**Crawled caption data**
===
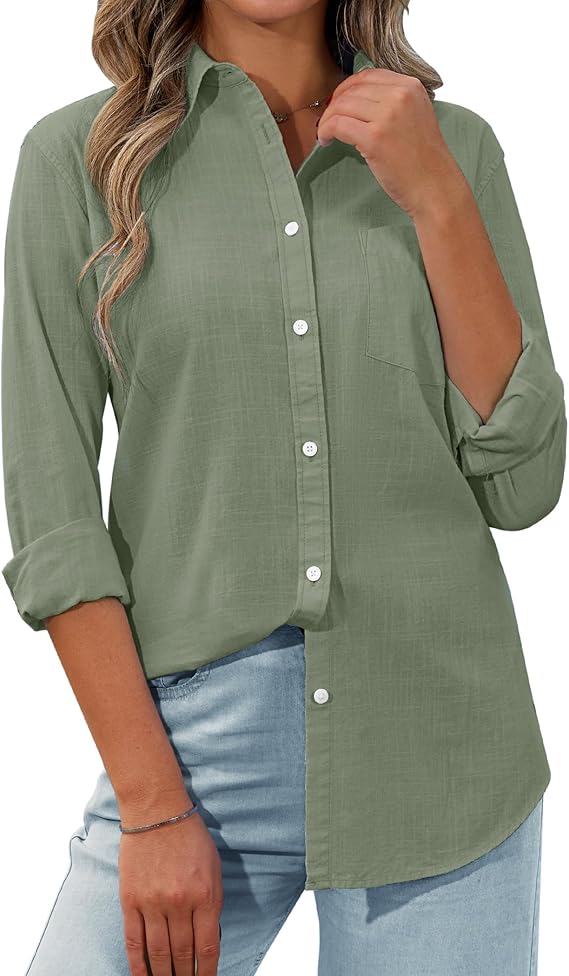 siliteelon Womens Button Down Shirt Linen Button Up Shirts for Women Long Sleeve Summer Shirt Collared Blouse Linen Tops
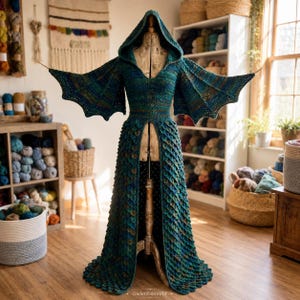 K&ouml;nnte beinhalten: Ein bodenlanges, geh&auml;keltes Kleid mit Kapuze in Blau-, Gr&uuml;n- und Petrolt&ouml;nen. Das Kleidungsst&uuml;ck hat weite, fl&uuml;gelartige &Auml;rmel und ein strukturiertes, schuppenartiges Muster am Rock. Die Vorderseite ist offen und zeigt ein dunkles Futter.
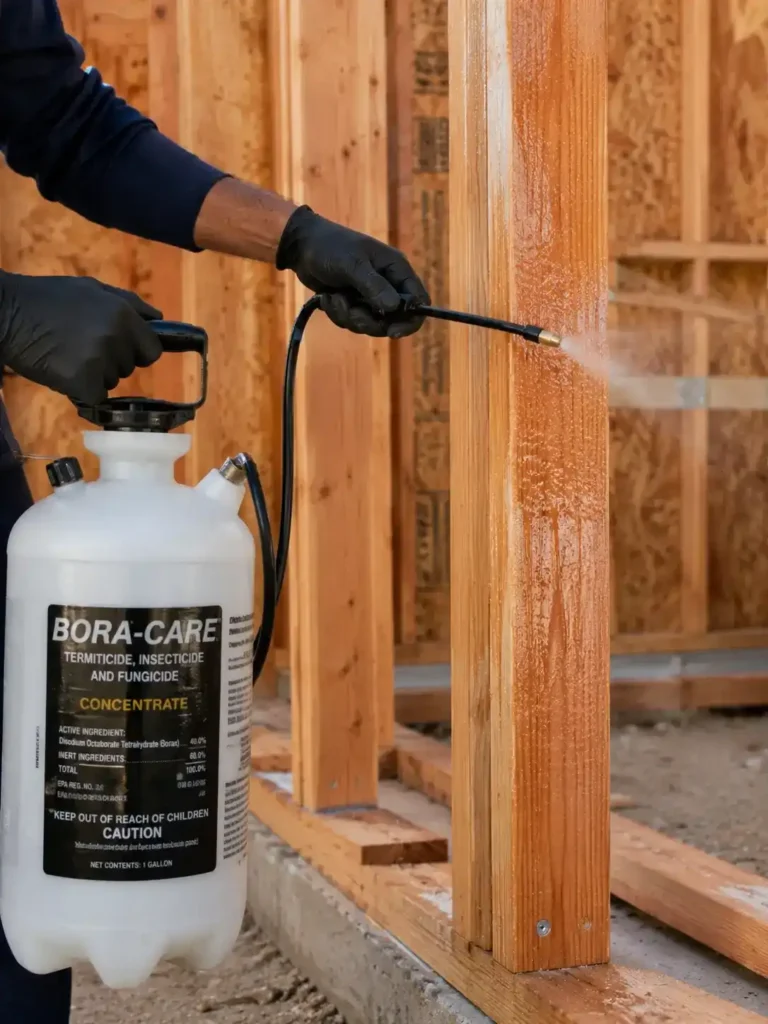 Spraying termite treatment on wooden studs in Sacramento - Sacto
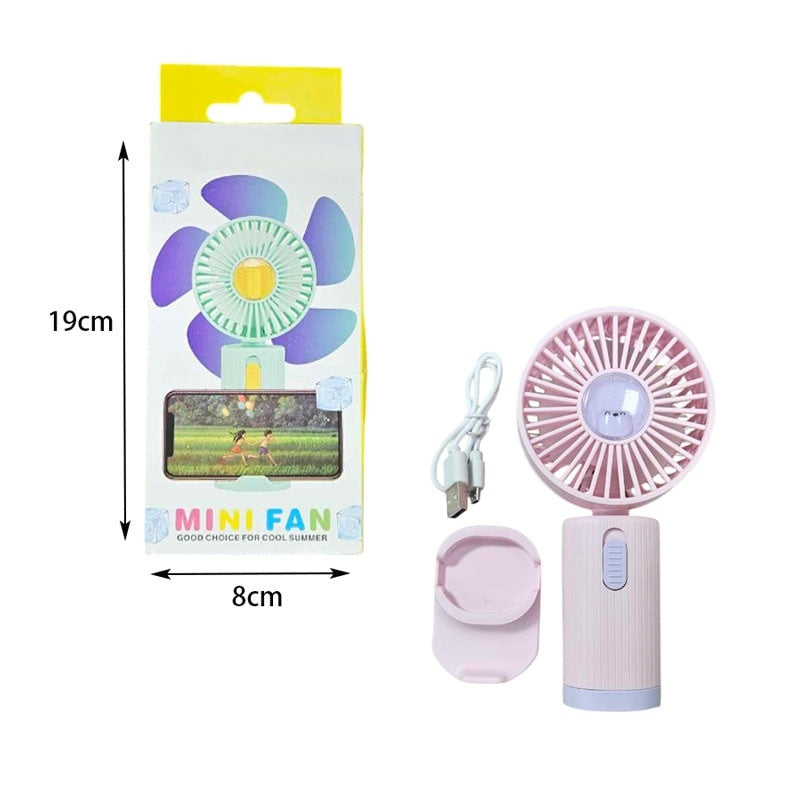 Ventilator de mana, cu suport pentru telefonul mobil, incarcare USB, buton On/OFF, 3 viteze, mov/roz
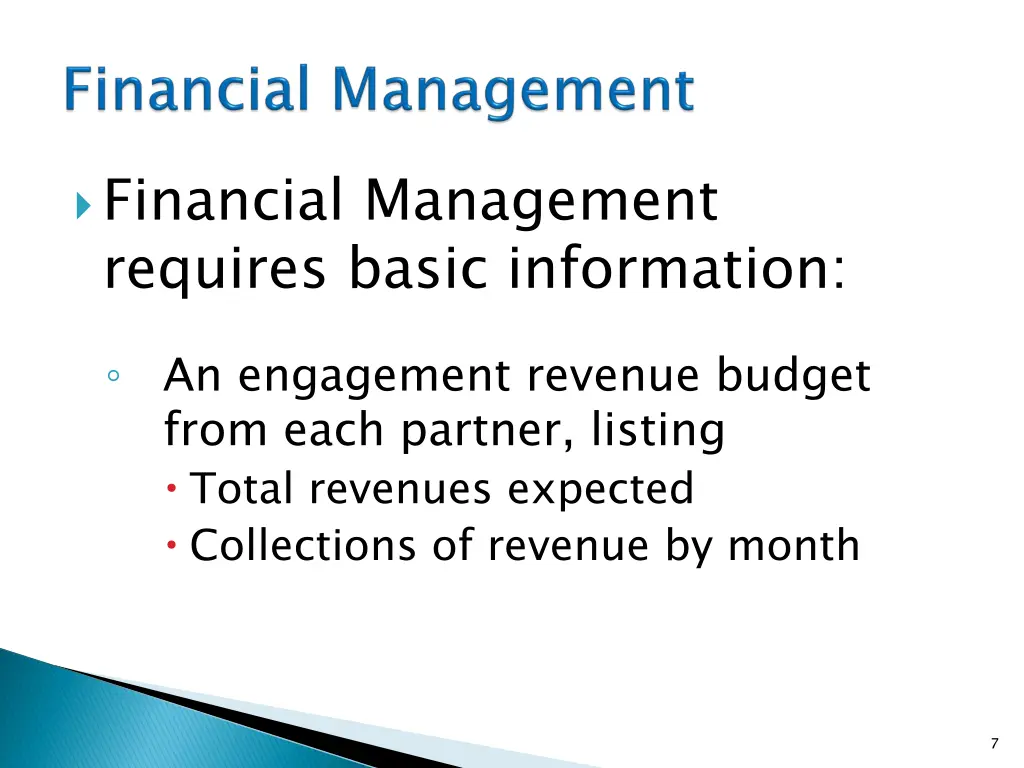 financial management requires basic information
===
**Work instruction**
Please provide a faithful transcription of all the data, pictures excluded.

**Answer to the problem**
 siliteelon Womens Button Down Shirt Linen Button Up Shirts for Women Long Sleeve Summer Shirt Collared Blouse Linen Tops
 K&ouml;nnte beinhalten: Ein bodenlanges, geh&auml;keltes Kleid mit Kapuze in Blau-, Gr&uuml;n- und Petrolt&ouml;nen. Das Kleidungsst&uuml;ck hat weite, fl&uuml;gelartige &Auml;rmel und ein strukturiertes, schuppenartiges Muster am Rock. Die Vorderseite ist offen und zeigt ein dunkles Futter.
 Spraying termite treatment on wooden studs in Sacramento - Sacto
 Ventilator de mana, cu suport pentru telefonul mobil, incarcare USB, buton On/OFF, 3 viteze, mov/roz
 financial management requires basic information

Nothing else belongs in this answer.